Given that we have at least $7$ distinct values of $\prob$ by the lemma statement, it follows that we then have $7$ linear equations which are distinct. Further, by definition of the summation, these seven equations put together form the Vandermonde matrix, from which it follows that we have a matrix with full rank, and we can solve the linear system to determine $\vct{c}$ exactly.
\end{proof}
\qed
Notice that ~\cref{lem:qE3-exp} is an example of a query that reduces to the hard problems in graph theory of counting triangles, three-matchings, three-paths, etc. Thus, in general, computing $\expct_{\wVec}\pbox{\poly(\wVec)} = \rpoly\left(\prob_1,\ldots, \prob_\numvar\right)$ is a hard problem.

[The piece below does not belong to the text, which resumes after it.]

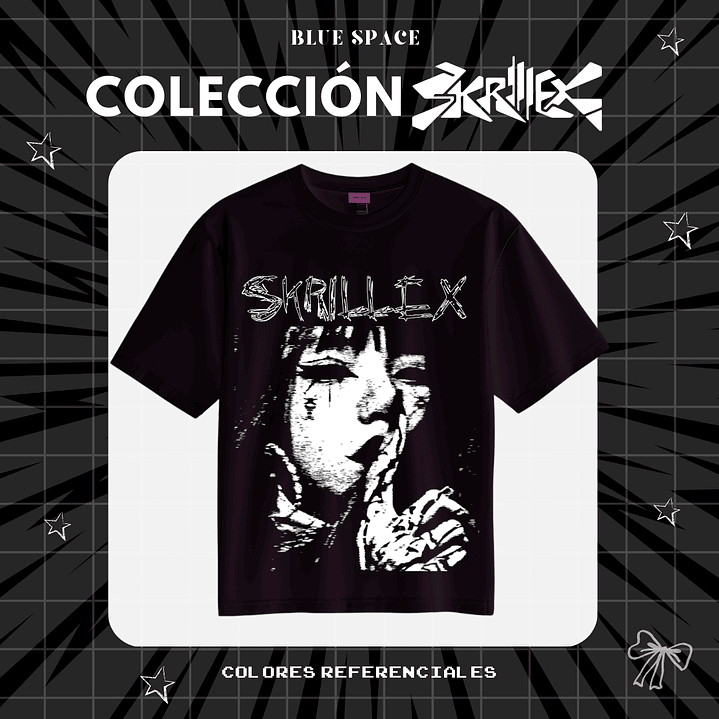 Polera SKRILLEX - FACE 1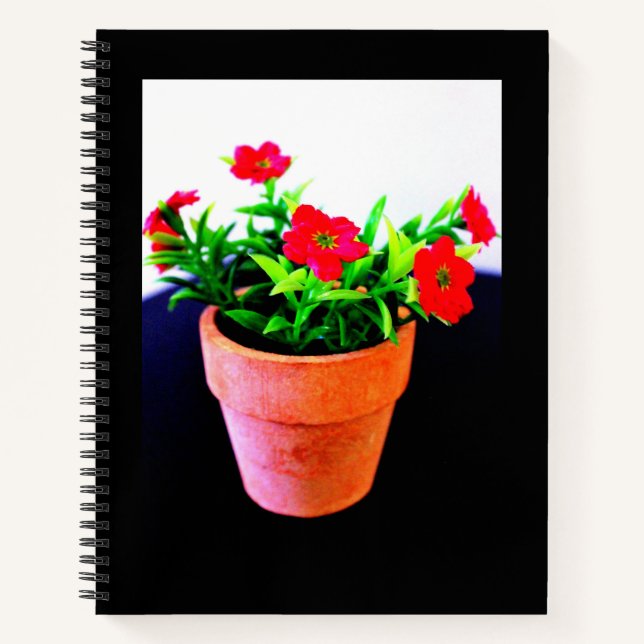 Flower Pot Notebook (Front)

\begin{Claim}\label{claim:four-two}
If one can compute $\rpoly_{G}(\prob,\ldots, \prob)$ in time T(\numedge), then we can compute the following in O(T(\numedge) + \numedge):
\[\numocc{G}{\tri} + \numocc{G}{\threepath} \cdot \prob - \numocc{G}{\threedis}\cdot(3\prob^2 - \prob^3).\]
\end{Claim}
\begin{proof}[Proof of Claim \ref{claim:four-two}]
%We have shown that the following subgraph cardinalities can be computed in $O(\numedge)$ time:
%\[\numocc{G}{\ed}, \numocc{G}{\twopath}, \numocc{G}{\twodis}, \numocc{G}{\oneint}, \numocc{G}{\twopathdis} + \numocc{G}{\threedis}.\]
It has already been shown previously that $\numocc{G}{\ed}, \numocc{G}{\twopath}, \numocc{G}{\twodis},$ and $\numocc{G}{\twopathdis} + 3\numocc{G}{\threedis}$ can be computed in $O(\numedge)$ time.
Using the result of \cref{lem:qE3-exp}, let us show a derivation to the identity of the consequent in \cref{claim:four-two}.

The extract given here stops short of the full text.